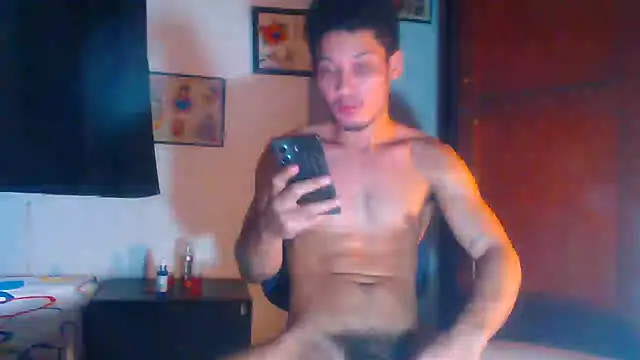 RuiMaddoox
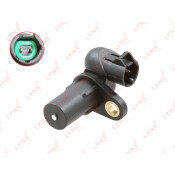 Датчик положения коленчатого вала LYNXauto, арт. DM-3053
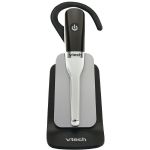 Vtech Dect Crdls Hdset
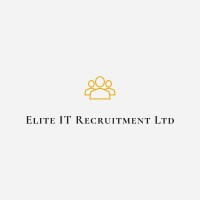 Elite IT Recruitment logo, Elite IT Recruitment contact details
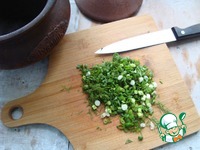 ������� �� ����� �� ������ �����������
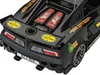 Rennwagen, schwarz, Revell First Construction, Bausatz für Produktbild-Vorschau 4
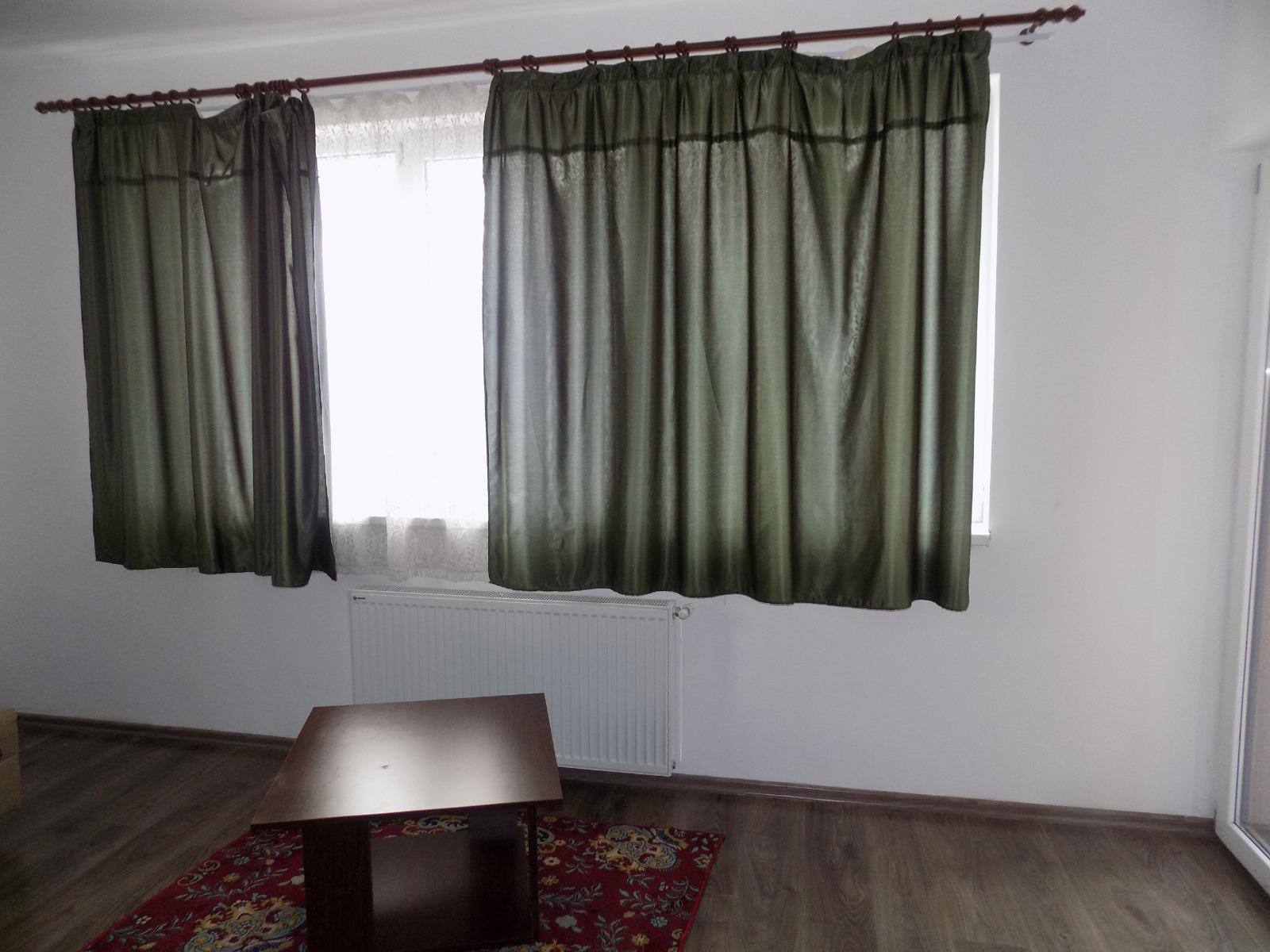 Garsonieră de închiriat Semicentral - 35742AI | BLITZ Cluj-Napoca | Poza3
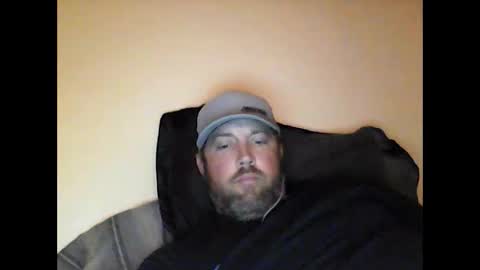 ace2 online show from October 19, 9:29 pm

# ACTION ITEM
Leave the pictures out and set down the rest of the listing above exactly.

# REPLY TO THE EXERCISE
 RuiMaddoox
 Датчик положения коленчатого вала LYNXauto, арт. DM-3053
 Vtech Dect Crdls Hdset
 Elite IT Recruitment logo, Elite IT Recruitment contact details
 ������� �� ����� �� ������ �����������
 Rennwagen, schwarz, Revell First Construction, Bausatz für Produktbild-Vorschau 4
 Garsonieră de închiriat Semicentral - 35742AI | BLITZ Cluj-Napoca | Poza3
 ace2 online show from October 19, 9:29 pm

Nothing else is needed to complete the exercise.